This Announcement or any part of it does not constitute or form part of any
offer to issue or sell, or the solicitation of an offer to acquire, purchase
or subscribe for, any securities in the United States, Australia, Canada,
Japan, the Republic of South Africa, Hong Kong or any other jurisdiction in
which the same would be unlawful or to any person to whom it is unlawful to
make such offer or solicitation. No public offering of the Placing Shares is
being made in any such jurisdiction.

No action has been taken by the Company, BMO Capital Markets Limited ("BMO"),
Canaccord Genuity Limited ("Canaccord"), Peel Hunt LLP ("Peel Hunt") or Banco
Santander, S.A. ("Santander" and, together with BMO, Canaccord and Peel Hunt,
the "Banks") or any of their respective Affiliates or any of its or their
respective directors, officers, partners, employees, agents or advisers
(collectively "Representatives") or any person acting on behalf of any of them
that would, or is intended to, permit an offer of the Placing Shares or result
in the possession or distribution of this Announcement or any other offering
or publicity material relating to such Placing Shares in any jurisdiction
where action for that purpose is required. Any failure to comply with these
restrictions may constitute a violation of the securities laws of such
jurisdiction. Persons into whose possession this Announcement comes are
required to inform themselves about, and to observe, such restrictions.
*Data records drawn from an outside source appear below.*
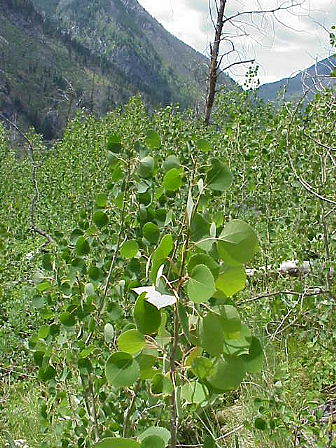 photo of Populus tremuloides regrowth after wildfire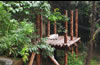 北京動物園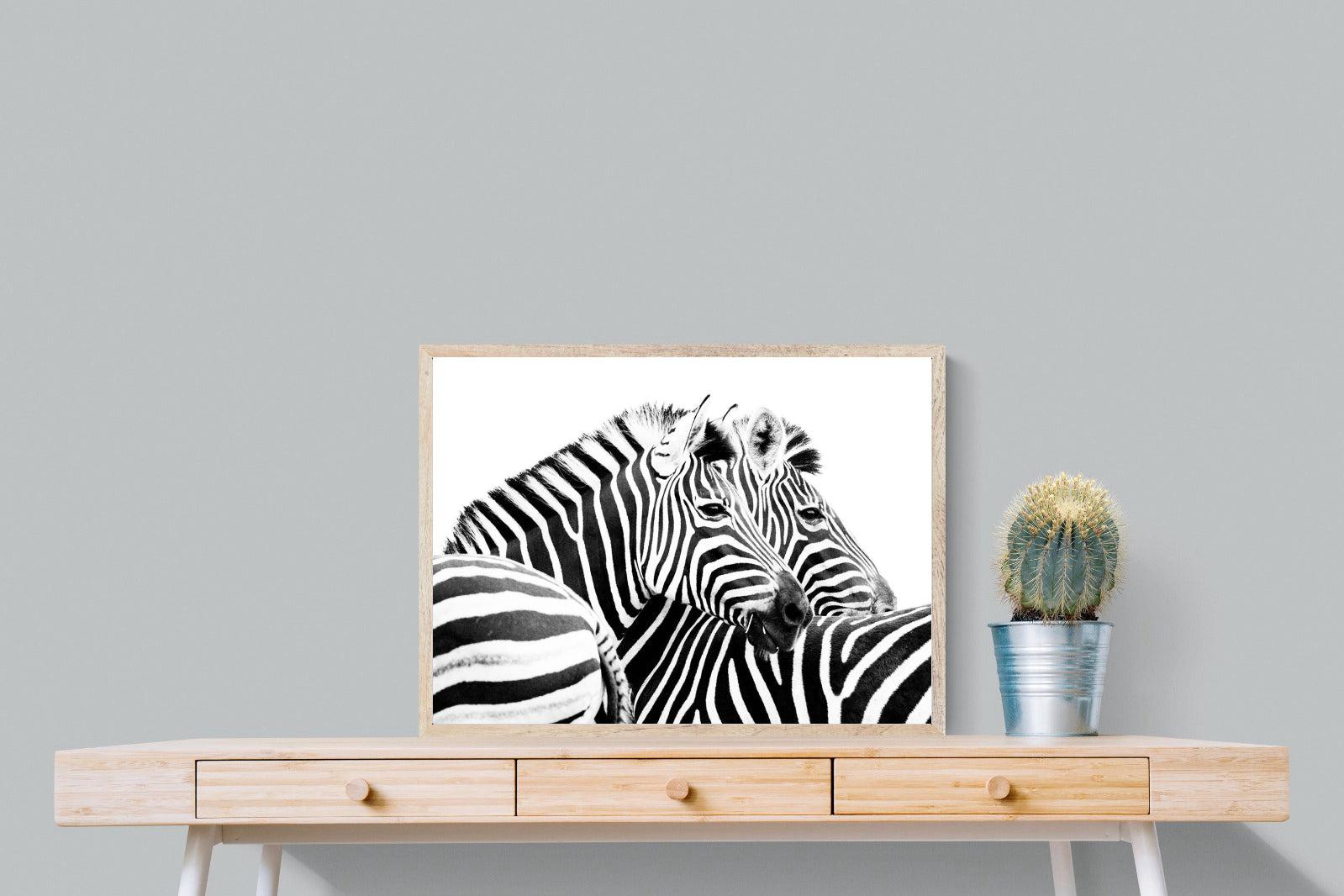 Zebra Pair-Wall_Art-80 x 60cm-Mounted Canvas-Wood-Pixalot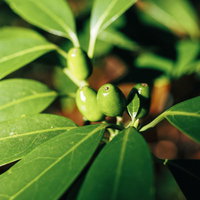 光沢のある緑の葉に付く青木の若い実の写真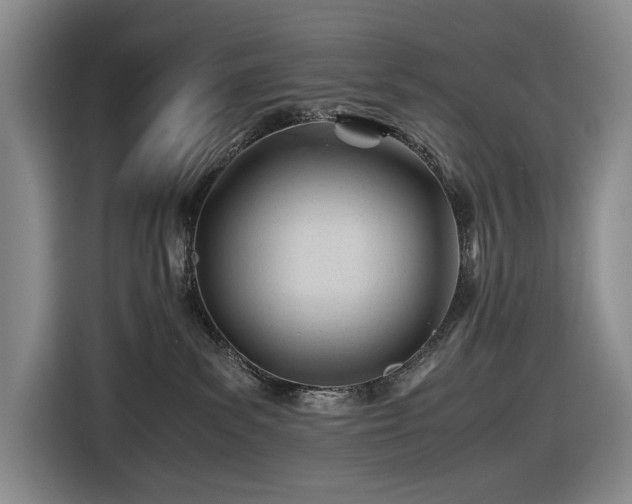 X0000116680139200912211631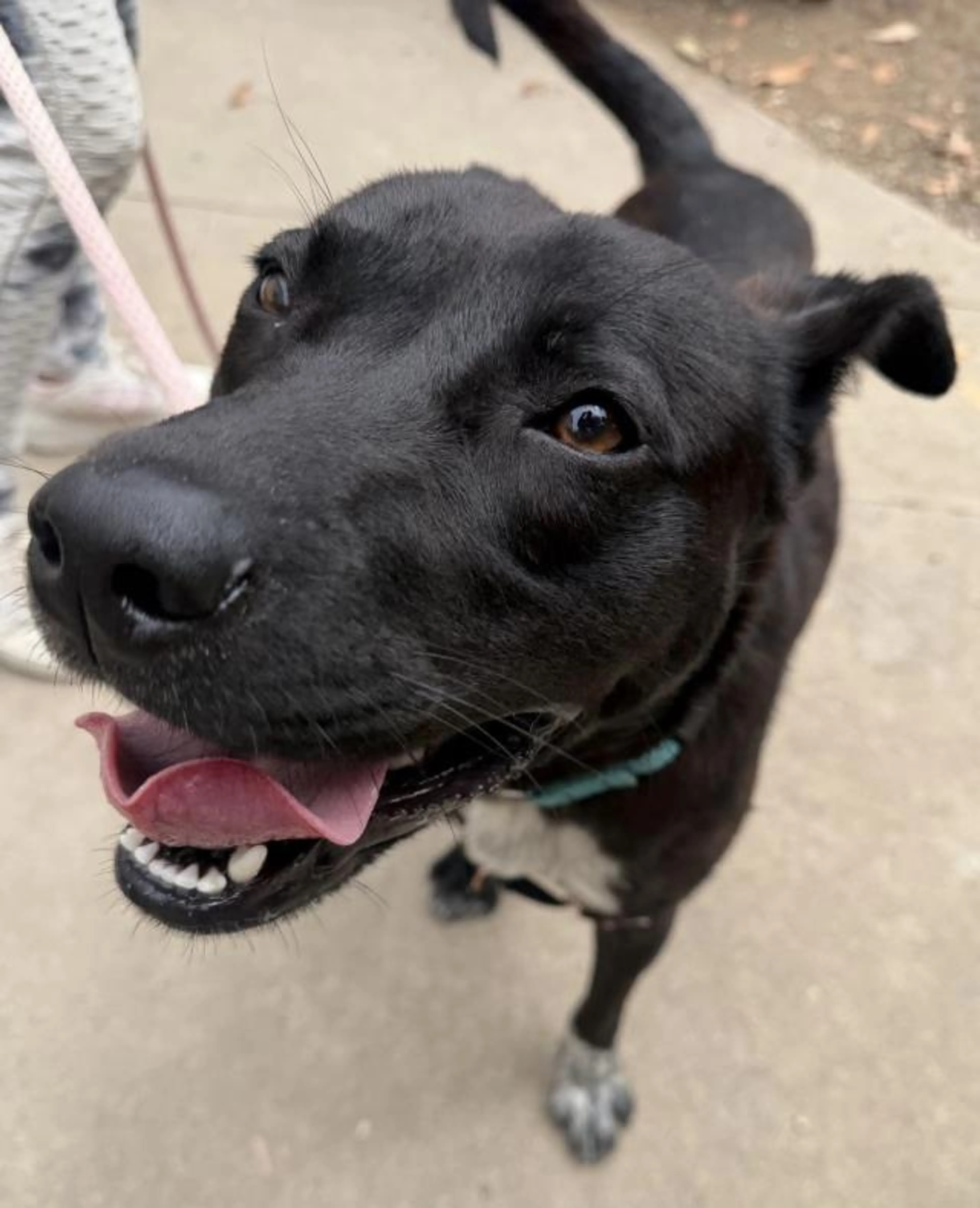 Found pet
No prospectus, offering memorandum, offering document or admission document
has been or will be made available in any jurisdiction in connection with the
matters contained or referred to in this Announcement and no such document is
required (in accordance with Regulation (EU) No 2017/1129 (the "EU Prospectus
Regulation") or the Public Offers and Admissions to Trading Regulations 2024
(the "POATR")) to be published. Persons needing advice should consult a
qualified independent legal adviser, business adviser, financial adviser or
tax adviser for legal, financial, business or tax advice.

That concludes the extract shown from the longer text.